§ WHAT YOU HAVE TO DO
Find "Кроссовки Jordan Air Jordan 10 Double Nickel" in the listing below, then set down only that line and each later line, unchanged, leaving out pictures.

§ AVAILABLE DATA
•••

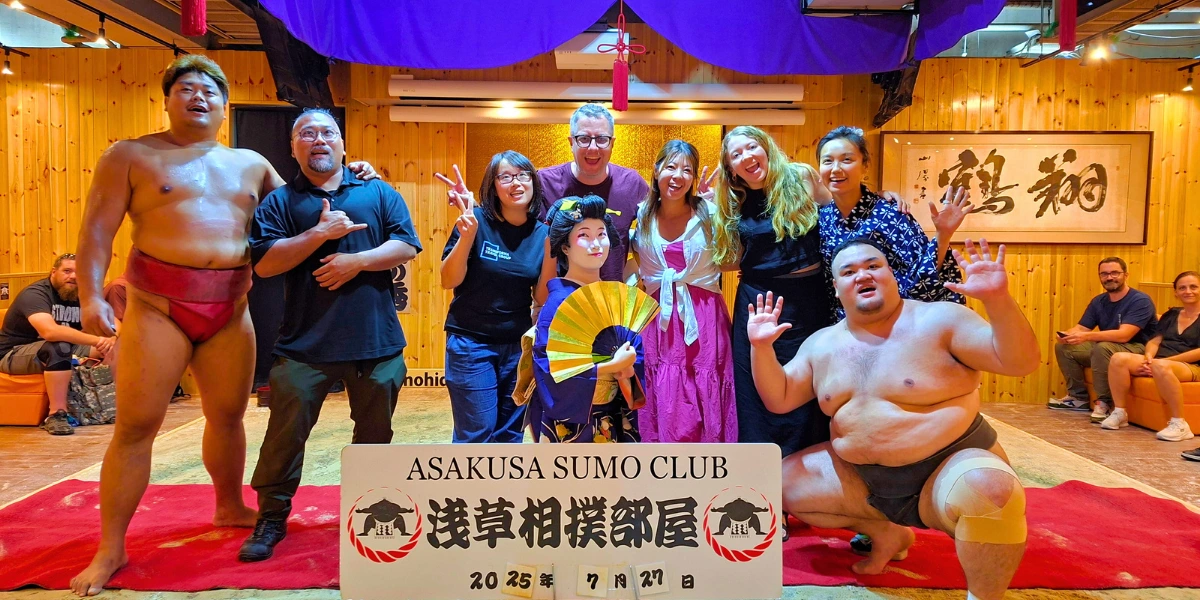 A First Timer’s Guide to Japan: Common Questions & Travel Tips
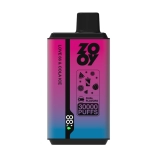 Zooy TWINS 30000 Puffs Nederland Vape Pro Wholesale Eu Warehouse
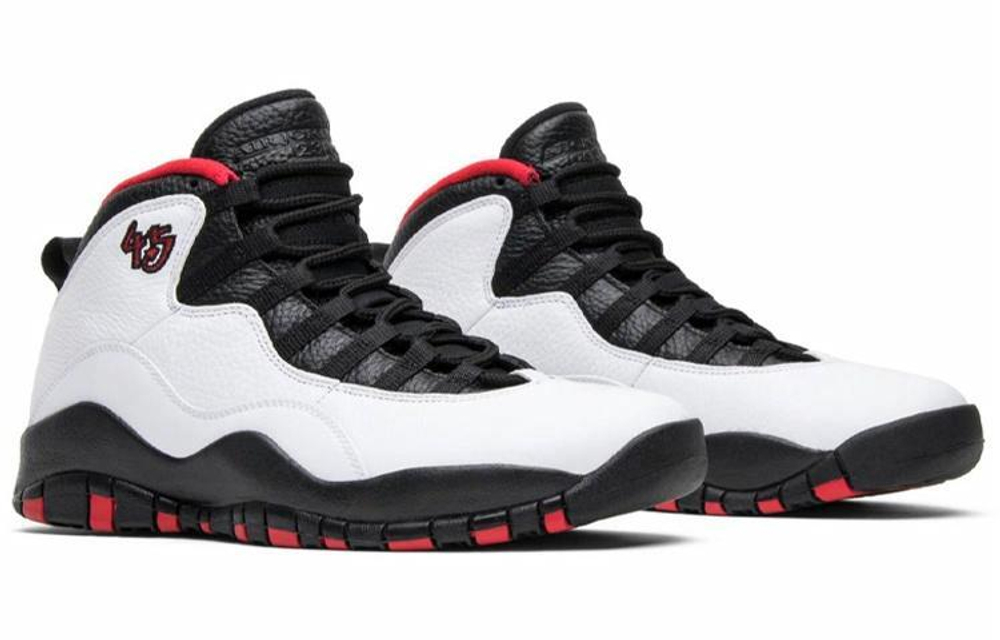 Кроссовки Jordan Air Jordan 10 Double Nickel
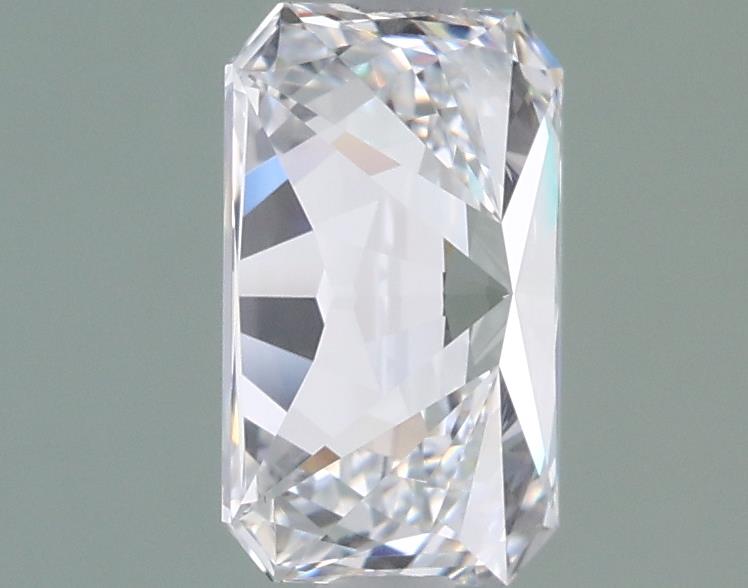 1.42 Carat Radiant Lab Diamond :: Greenstar spin frame 06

•••

§ ANSWER SECTION
 Кроссовки Jordan Air Jordan 10 Double Nickel
 1.42 Carat Radiant Lab Diamond :: Greenstar spin frame 06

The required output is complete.